The rulebook the agent applies is where the domain knowledge lives, and it was learned, not designed up front:

  • Used-median beats new-price. Sellers anchor on "% off new"; the loop trusts the second-hand median and auto-rejects anything above it, however pretty the vs-new number looks.
  • Vague title = skip. Missing capacity, mount, size, or generation can mean a 2× price difference. Those listings never reach verification.
  • Too sweet is a trap. Under 50% of used-median usually means battery rot, parts swaps, or stolen goods. The loop flags instead of celebrating.
  • Repetition is a signal. The same model at the same price across multiple patrols means a grey-import or fraud batch, not three lucky bargains. Recurring patterns get auto-excluded.
04 · What broke

The two-layer relay hang (patrol #484). Early on, a sub-agent backgrounded the scraper and waited to be woken when it finished. The wake-up sometimes never fired, and everything downstream hung silently. The fix is structural and now lives as a comment at the top of patrol.sh: one script, one background process, one completion notification. No relay.

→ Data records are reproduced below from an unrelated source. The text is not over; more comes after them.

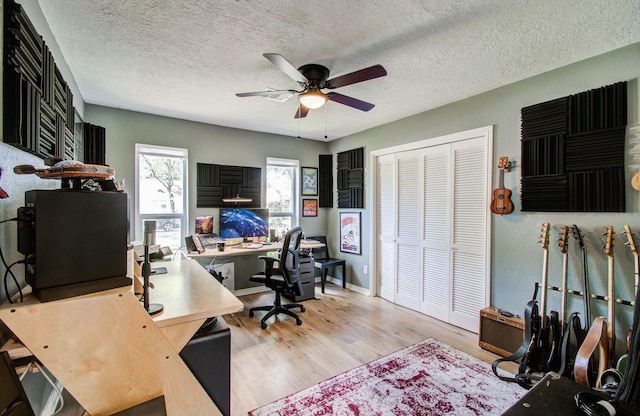 2514 Palo Pinto Dr, Houston, TX 77080 - office space with ceiling fan, wood finished floors, a textured ceiling, and baseboards
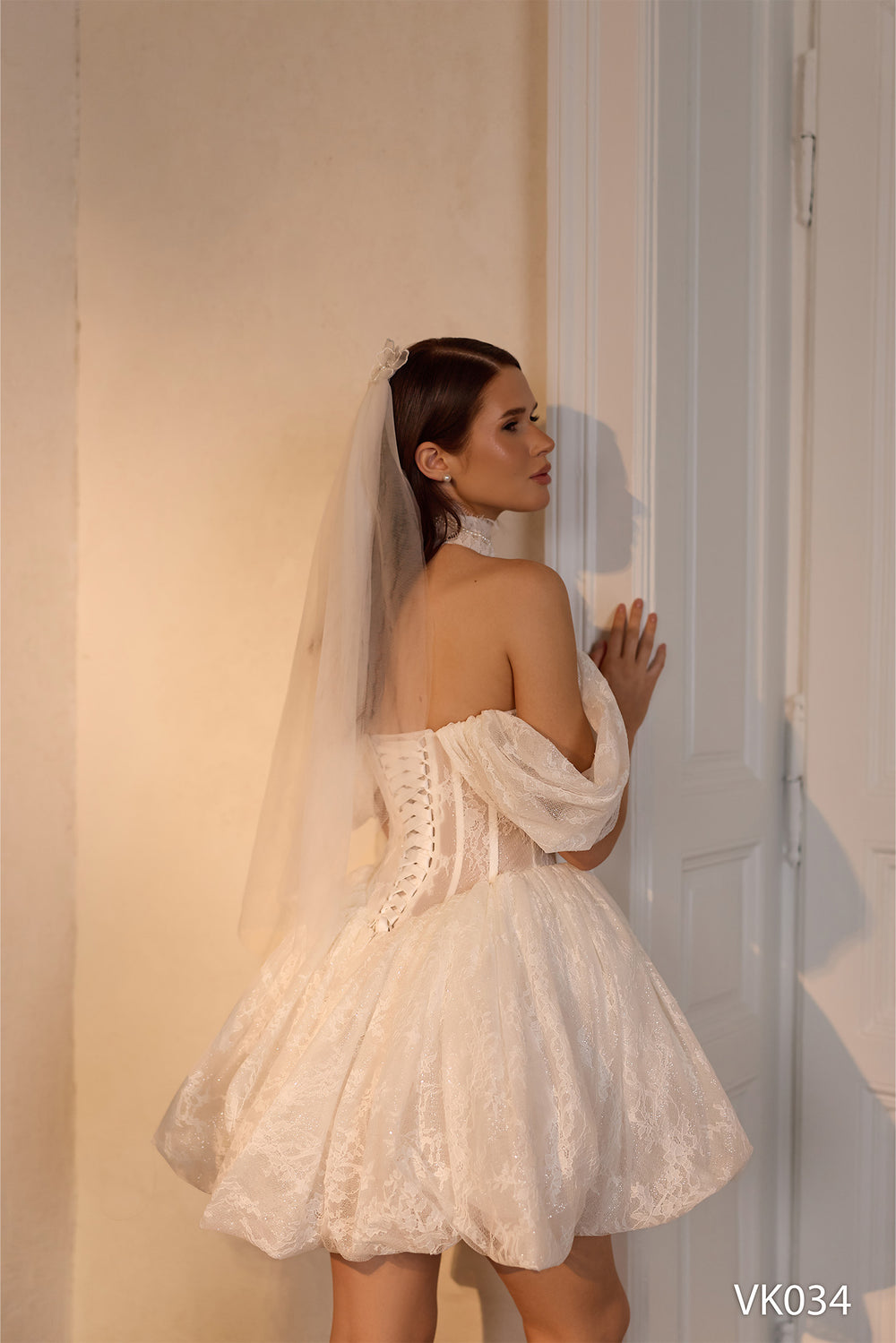 O femeie îmbrăcată în rochia de mireasă scurtă Eden Bride VK-034, cu dantelă și voal, stă cu profilul lângă o ușă cu panouri albe, atingând-o ușor, în timp ce o lumină caldă iluminează discret scena. Rochii de mireasa Eden Bride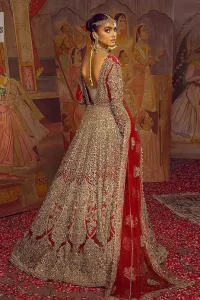 Encourage your reception day in this elegant yet classy deep red silhouette. Make your bridal look, in this deep red ensemble, heavenly adorned with golden embroidery highlighted with kora, dabka, zardozi,tilla, crystal, pearls and sequins. The heavily loaded embroidered border completes the look of the maxi. In addition to this, the V shape neckline along with full sleeves is such a graceful artistic look. It is paired up with this heavily loaded dupatta with intricately handcrafted borders, further enhanced with floral motifs and sequins spray all over to add a romantic and aesthetic look to this article.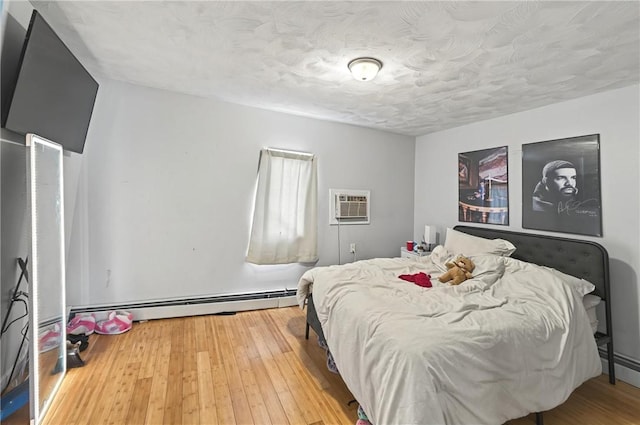 176 Warwick Ave, Cranston, RI 02905 - bedroom with baseboard heating, a wall mounted air conditioner, wood-type flooring, and a textured ceiling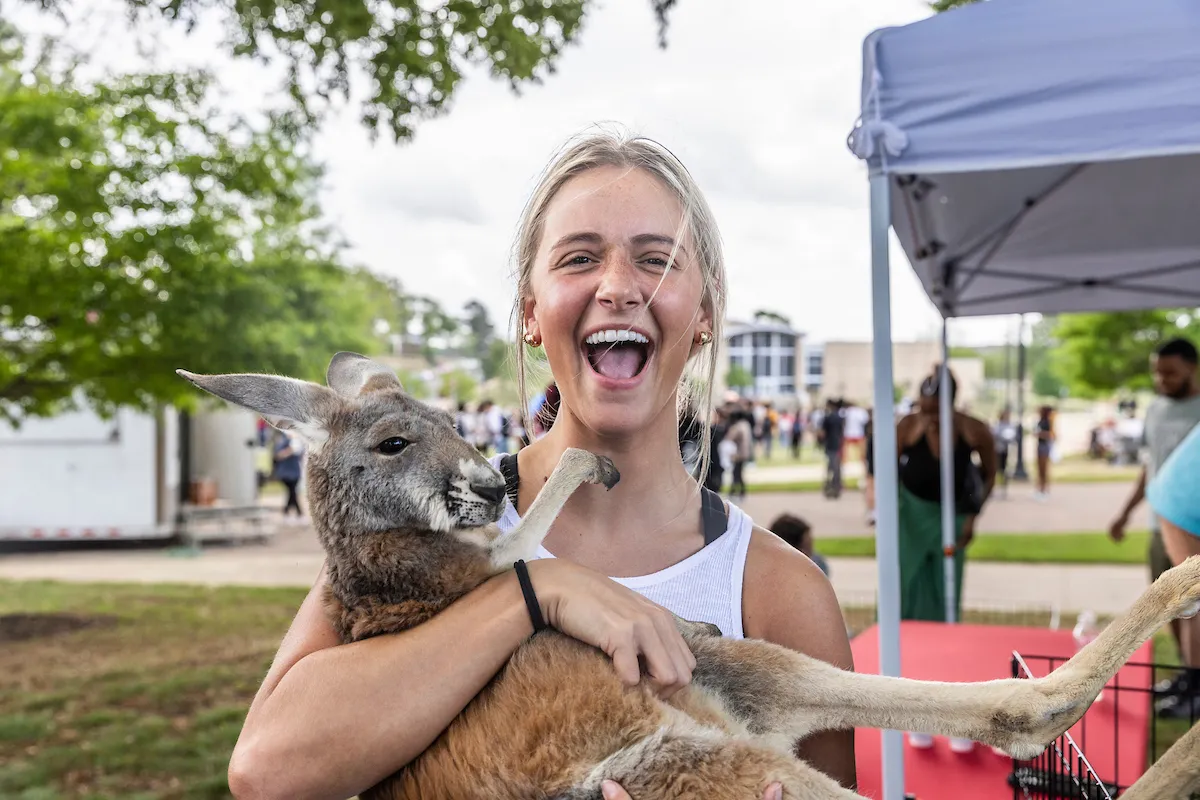 Smiling student holds a kangaroo during a fun outdoor campus event.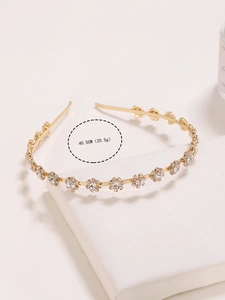 Detail of a thin gold headband with sparkling crystal sunflowers and size dimensions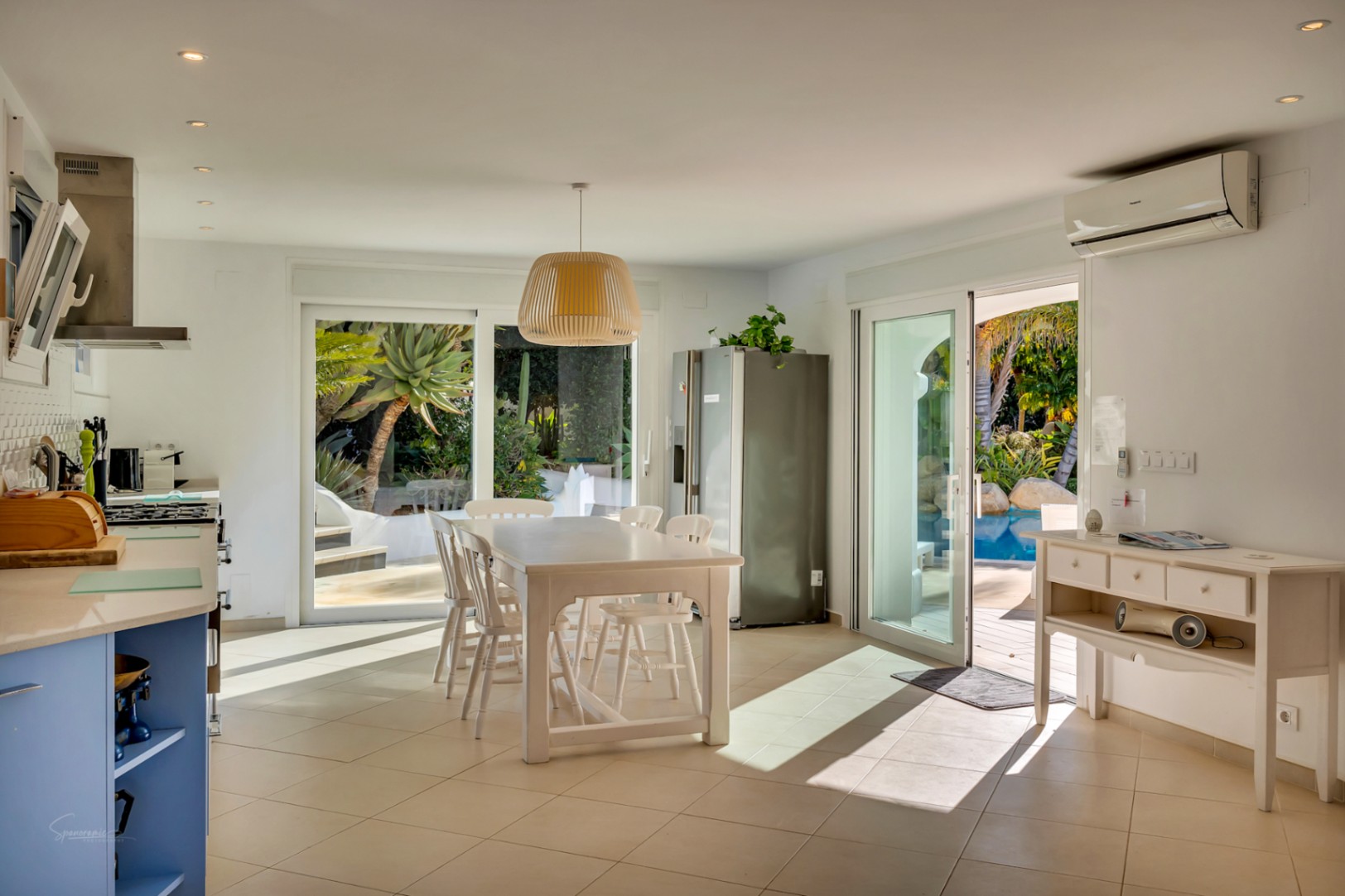 Offene Küche und Essbereich mit weißen Möbeln und blauen Akzenten. Große Glasschiebetüren führen direkt zum Pool und dem mediterranen Garten im Außenbereich.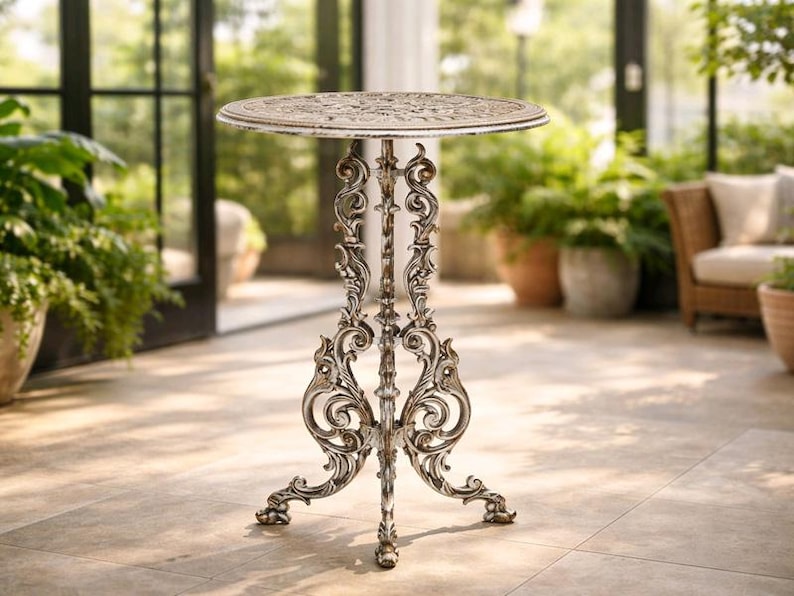 May include: Ornate, antique-style bistro table with a round top and decorative, scrolling legs. The table has a distressed, off-white finish over a metallic base. Ideal for outdoor settings, it measures approximately 28 inches in height.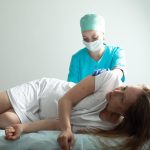 Médecin réalisant une infiltration lombaire au niveau L5-S1 sous guidage médical.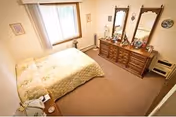 A bedroom with a bed covered in a yellow floral bedspread, a wooden dresser with two mirrors, various decorative items on the dresser, a window with curtains, and a small side table with a lamp.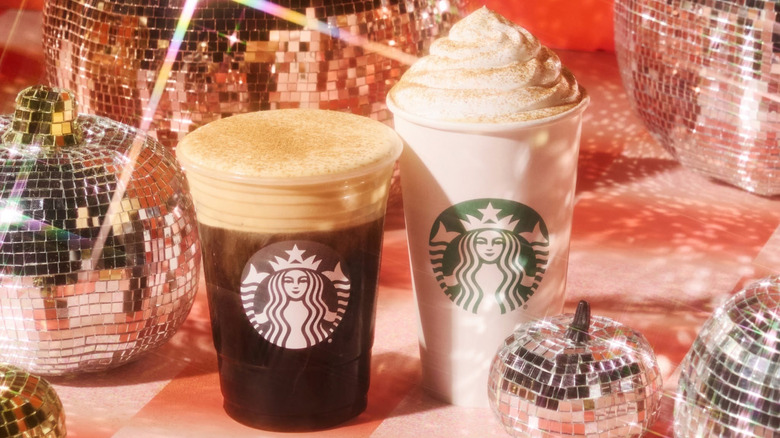 Two Starbucks pumpkin drinks surrounded by disco ball pumpkins.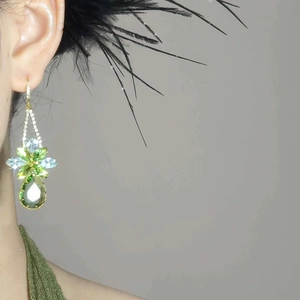 Close-up of luxury butterfly drop earrings with green teardrop gemstones on a model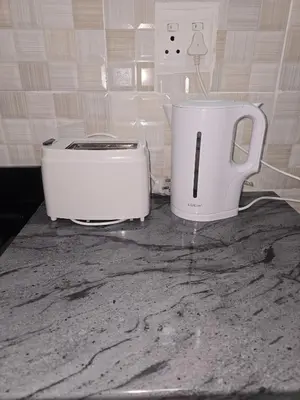 a toaster and a toaster sitting on a counter at Peshline Guest House Unit 2 in Ermelo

The Cloudflare ambush. The scraper started returning "Just a moment…" challenge pages. Cookies were fine; fingerprints were fine. The actual cause: a VPN exit through Japan. Carousell's Cloudflare rules block at the IP level. The fix: detect the challenge, exit with a dedicated code, and have the patrol report "CF_BLOCKED — turn off the VPN" instead of writing garbage into state files.

The deleted-memory incident. During a test, seen_ids.json — the loop's record of every listing already judged — got deleted as "just cache." Every previously rejected item flooded back into the next report. The file is state, not cache; it now has a standing never-delete rule.

The flooded report. One hot category could fill the entire deals page and bury everything else. Fix: cap five items per category per patrol, ranked by discount depth, and sort by the listing's absolute timestamp — the scraped "3 hours ago" strings go stale in stored state and had silently broken ordering.

05 · The numbers

Six weeks of operation, May 1 to June 11, 2026 (git history: 785 commits).

MetricValueSource
Listings triaged16,705state/seen_ids.json
Prices verified & cached7,978state/verified_prices.json
Sellers blacklisted149report header
Per patrol~2,000 raw → 10–30 verifiedpipeline counts in patrol.sh output
On the board today41 buy-ready · 41 haggle · 27 manualDEALS.md, 2026-06-11
Sample findsprojector at 7% of retail · Leica-branded lens at 31% · ANC earbuds at 33%DEALS.md rows
⚠️ Not tracked: total agent token cost and money actually saved on completed purchases. Honest gap — the loop measures market coverage, not wallet outcomes.
06 · Take it home

Three design rules transfer to any patrol-shaped loop (price watching, job boards, apartment hunting, grant deadlines):

  • Funnel before judgment. Cheap deterministic rules must cut ~90% per layer so the expensive agent only sees genuinely ambiguous cases. If your agent reads everything, your loop dies of token cost.
  • One process, one notification. Never chain "background task wakes a waiter that wakes a reporter." Flatten the pipeline into a single script the agent fires once and reads once.
  • State files are sacred. The seen-IDs file is the loop's memory. Treat it like a database, not a cache, and your loop gets smarter every cycle instead of resetting.

The full pipeline (scraper, rule filter, patrol script) is a few hundred lines of Node plus one bash file. The rulebook above is the part that took six weeks to learn.